October 12, 2005

ashes to ashes

This Saturday we will be laying to rest my father-in-law, spreading his ashes in the bay from the deck of a sailboat owned by one of his best friends. Afterwards, we will retreat to his yacht club for a memorial of sorts, with a looped slide show of photos from his life.

I have been so busy the past month that I have not had time to reflect deeply on Gary's passing, but many thoughts and feelings have been lurking behind me, making themselves felt like when you walk into a dark room from a dimly lit hallway and feel that someone has passed in right behind you.

Gary was a wonderful man, a truly kind person. We got along very well even though we held diametrically opposed political views. We rarely argued; it's an unwise son-in-law that does not nod, smile knowingly, and keep his mouth shut when his father-in-law discusses politics. Yet I always respected his viewpoints no matter how misguided I thought them for he always had logical and consistent thought process behind them.
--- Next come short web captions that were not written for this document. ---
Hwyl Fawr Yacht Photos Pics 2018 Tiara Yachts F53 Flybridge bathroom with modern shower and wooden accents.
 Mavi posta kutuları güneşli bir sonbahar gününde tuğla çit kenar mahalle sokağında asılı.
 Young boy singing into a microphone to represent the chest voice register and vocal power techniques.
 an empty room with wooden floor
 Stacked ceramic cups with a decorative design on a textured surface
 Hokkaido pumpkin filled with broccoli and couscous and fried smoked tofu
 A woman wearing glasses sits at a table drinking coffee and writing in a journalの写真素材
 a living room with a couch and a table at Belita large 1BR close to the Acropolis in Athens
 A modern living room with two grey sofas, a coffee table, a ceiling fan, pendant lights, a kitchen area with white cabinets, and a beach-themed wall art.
Through this past five weeks, however, I have come to learn a bit about myself. I am surprised at how easy I have found it to let go, to say goodbye, to continue on. At first I felt a guilt about that--shouldn't I be feeling devastated and stricken with grief, shouldn't I be crying a lot and feeling a deep void in my life? The truth was that although I was sad and am sad, and I do miss Gary somewhat, those things did not happen to me.

It's not that I don't feel emotions, and feel them deeply. One look at either of my sleeping children reminds me the depths of the feeling that can strike me. Rather, I have a strong sense inside, an unconscious and innate sense, that all things are temporary. Everything has an end, and tomorrow I will wake up and adjust my life based on tomorrow's reality, not based on how I used to think tomorrow would be. When things change around me, I flow with that change rather than rail against it like many of my coworkers. I do not think of life in linear terms but rather as a wholistic totality, ebbing and flooding and swirling in patterns simple and complex. We all are part of this beautiful pattern, both shaping it and responding to it just as the planets pull and push each other as they glide around the sun.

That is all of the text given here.